In the gradient descent intro we have:
global a_guess, b_guess
# make a prediction using the current weights
y_pred = lin(a_guess, b_guess, x)
# calculate the derivate of the loss
dydb = 2 * (y_pred - y)
dyda = x*dydb
# update our weights by moving in direction of steepest descent
a_guess -= lr*dyda.mean()
b_guess -= lr*dydb.mean()
But I don’t understand fully
dyda, why does partial derivative with respect to a multiply x by dydb? We aren’t calcuating full derivative and I don’t think this is case of chain rule.
In the case of more than 2 dimensions, would we still be using
.mean() to decide greatest descent?
For the first question. You have that the partial derivative of the difference between label and output of the model wrt
b is 2*(y_pred-y), or equivalently 2*(b + a x - y).
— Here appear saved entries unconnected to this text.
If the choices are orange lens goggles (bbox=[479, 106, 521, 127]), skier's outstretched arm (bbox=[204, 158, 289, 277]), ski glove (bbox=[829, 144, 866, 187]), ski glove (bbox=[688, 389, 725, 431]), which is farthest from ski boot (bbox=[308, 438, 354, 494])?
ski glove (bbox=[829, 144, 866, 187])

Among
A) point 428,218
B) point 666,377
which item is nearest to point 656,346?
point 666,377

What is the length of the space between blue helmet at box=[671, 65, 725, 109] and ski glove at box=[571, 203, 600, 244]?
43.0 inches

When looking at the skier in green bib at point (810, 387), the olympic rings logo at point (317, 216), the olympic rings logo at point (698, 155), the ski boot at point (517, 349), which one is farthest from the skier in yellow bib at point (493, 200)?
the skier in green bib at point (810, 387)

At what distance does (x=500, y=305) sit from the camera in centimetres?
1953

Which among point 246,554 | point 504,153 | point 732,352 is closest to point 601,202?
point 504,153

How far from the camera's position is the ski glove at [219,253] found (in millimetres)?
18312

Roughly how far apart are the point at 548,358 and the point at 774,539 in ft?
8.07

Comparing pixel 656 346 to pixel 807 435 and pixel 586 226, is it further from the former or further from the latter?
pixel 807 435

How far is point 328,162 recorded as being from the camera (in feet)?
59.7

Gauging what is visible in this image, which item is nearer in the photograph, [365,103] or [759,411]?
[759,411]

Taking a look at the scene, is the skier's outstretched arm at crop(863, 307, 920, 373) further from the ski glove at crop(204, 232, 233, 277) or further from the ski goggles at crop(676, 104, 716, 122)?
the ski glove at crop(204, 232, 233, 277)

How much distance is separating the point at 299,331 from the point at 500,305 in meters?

If you take the partial derivative wrt
a, you get 2* x*(b + a x - y), which is indeed x * dy/db.
Re 2: How is # of samples relevant at all here ? Why is it coming into picture?
1/n_samples is there to replicate the results of the lesson (I assume the loss function is more Mean Squared Error than Sum of Squared Error then). And the
n_sample sized vector in the dydb is to get the correct shape of biases (if you look closely in the
lin() function, even if
b is an integer, it is summed to all 30
a*x values, it is called broadcasting)
Thanks for update and quick reply. I’ll be sure to keep an eye on this thread. Looking for the same info.